* [EXERCISE AIM] Using the entries below, write out the line with "Скриншот из 3D PUZZLE - Farming", the line with "The doggo Collection- Airedale", and every line in between, exactly as each is written.

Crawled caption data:
━━━━━━━━━━━━━━━━

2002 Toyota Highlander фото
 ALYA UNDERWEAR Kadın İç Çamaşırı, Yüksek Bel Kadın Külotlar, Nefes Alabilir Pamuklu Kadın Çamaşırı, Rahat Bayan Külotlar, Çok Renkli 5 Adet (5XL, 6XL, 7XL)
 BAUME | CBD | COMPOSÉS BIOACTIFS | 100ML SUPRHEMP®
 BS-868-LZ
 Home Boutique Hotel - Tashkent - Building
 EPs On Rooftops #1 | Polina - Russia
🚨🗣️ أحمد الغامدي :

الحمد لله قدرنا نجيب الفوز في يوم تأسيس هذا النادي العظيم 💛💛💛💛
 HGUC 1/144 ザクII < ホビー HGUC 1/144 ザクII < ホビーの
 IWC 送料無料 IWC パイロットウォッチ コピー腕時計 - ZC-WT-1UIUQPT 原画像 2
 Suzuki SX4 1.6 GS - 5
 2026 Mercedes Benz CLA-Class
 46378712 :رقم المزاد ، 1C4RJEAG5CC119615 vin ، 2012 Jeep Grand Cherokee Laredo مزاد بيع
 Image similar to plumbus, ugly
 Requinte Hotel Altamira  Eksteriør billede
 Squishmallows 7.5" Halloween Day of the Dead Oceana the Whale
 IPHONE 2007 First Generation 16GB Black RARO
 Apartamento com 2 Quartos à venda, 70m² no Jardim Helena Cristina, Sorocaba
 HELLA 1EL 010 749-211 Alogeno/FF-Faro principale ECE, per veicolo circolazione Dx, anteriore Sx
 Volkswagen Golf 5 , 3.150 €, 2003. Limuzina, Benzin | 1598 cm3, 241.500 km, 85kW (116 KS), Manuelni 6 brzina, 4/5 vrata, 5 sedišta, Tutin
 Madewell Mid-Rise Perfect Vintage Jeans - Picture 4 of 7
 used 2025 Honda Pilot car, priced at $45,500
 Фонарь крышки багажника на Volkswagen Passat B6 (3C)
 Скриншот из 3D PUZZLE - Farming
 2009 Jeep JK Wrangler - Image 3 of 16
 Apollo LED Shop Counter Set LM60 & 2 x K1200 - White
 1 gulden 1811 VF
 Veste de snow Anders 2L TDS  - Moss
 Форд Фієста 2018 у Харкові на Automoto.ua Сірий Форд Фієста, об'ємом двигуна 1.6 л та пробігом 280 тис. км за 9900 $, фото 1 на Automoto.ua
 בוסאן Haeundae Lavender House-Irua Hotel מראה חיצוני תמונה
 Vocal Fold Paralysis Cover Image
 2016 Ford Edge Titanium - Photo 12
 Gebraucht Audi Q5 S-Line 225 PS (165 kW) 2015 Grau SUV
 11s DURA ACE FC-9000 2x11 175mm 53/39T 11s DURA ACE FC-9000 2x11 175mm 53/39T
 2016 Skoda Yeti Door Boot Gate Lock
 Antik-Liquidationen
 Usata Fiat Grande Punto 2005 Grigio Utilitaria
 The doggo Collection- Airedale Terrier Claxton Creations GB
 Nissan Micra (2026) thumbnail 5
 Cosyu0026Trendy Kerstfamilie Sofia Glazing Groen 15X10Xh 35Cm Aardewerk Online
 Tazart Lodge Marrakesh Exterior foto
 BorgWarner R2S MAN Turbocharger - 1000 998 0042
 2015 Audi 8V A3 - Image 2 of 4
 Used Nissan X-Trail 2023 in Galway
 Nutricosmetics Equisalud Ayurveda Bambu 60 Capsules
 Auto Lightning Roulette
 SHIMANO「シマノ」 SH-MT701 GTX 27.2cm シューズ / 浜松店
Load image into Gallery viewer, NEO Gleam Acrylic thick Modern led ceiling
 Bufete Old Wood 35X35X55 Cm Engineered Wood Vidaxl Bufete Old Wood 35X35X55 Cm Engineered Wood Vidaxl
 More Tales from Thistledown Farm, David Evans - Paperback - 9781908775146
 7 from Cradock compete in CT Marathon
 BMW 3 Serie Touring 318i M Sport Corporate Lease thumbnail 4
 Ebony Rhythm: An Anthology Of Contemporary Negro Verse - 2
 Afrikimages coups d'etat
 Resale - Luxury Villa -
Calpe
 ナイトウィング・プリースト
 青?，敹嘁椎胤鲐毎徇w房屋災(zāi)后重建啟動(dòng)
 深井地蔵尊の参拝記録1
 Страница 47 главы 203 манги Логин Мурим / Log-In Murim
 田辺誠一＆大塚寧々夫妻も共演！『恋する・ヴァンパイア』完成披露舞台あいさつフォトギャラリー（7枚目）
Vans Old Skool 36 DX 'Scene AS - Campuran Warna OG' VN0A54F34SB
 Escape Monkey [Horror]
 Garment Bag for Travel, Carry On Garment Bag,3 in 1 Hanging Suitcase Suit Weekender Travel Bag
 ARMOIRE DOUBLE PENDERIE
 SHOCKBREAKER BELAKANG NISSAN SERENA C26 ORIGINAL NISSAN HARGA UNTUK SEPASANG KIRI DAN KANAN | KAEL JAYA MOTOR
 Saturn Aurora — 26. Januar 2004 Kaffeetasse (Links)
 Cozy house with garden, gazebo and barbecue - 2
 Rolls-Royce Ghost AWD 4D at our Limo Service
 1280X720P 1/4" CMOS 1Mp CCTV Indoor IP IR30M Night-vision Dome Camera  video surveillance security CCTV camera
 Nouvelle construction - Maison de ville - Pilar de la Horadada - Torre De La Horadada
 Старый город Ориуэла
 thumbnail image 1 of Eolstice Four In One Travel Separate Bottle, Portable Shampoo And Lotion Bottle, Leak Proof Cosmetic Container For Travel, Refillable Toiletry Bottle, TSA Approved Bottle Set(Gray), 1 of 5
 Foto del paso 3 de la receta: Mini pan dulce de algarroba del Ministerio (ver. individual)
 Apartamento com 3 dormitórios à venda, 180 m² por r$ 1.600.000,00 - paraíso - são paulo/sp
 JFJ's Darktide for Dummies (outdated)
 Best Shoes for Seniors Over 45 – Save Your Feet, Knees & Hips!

━━━━━━━━━━━━━━━━

* [OUTPUT]
 Скриншот из 3D PUZZLE - Farming
 2009 Jeep JK Wrangler - Image 3 of 16
 Apollo LED Shop Counter Set LM60 & 2 x K1200 - White
 1 gulden 1811 VF
 Veste de snow Anders 2L TDS  - Moss
 Форд Фієста 2018 у Харкові на Automoto.ua Сірий Форд Фієста, об'ємом двигуна 1.6 л та пробігом 280 тис. км за 9900 $, фото 1 на Automoto.ua
 בוסאן Haeundae Lavender House-Irua Hotel מראה חיצוני תמונה
 Vocal Fold Paralysis Cover Image
 2016 Ford Edge Titanium - Photo 12
 Gebraucht Audi Q5 S-Line 225 PS (165 kW) 2015 Grau SUV
 11s DURA ACE FC-9000 2x11 175mm 53/39T 11s DURA ACE FC-9000 2x11 175mm 53/39T
 2016 Skoda Yeti Door Boot Gate Lock
 Antik-Liquidationen
 Usata Fiat Grande Punto 2005 Grigio Utilitaria
 The doggo Collection- Airedale Terrier Claxton Creations GB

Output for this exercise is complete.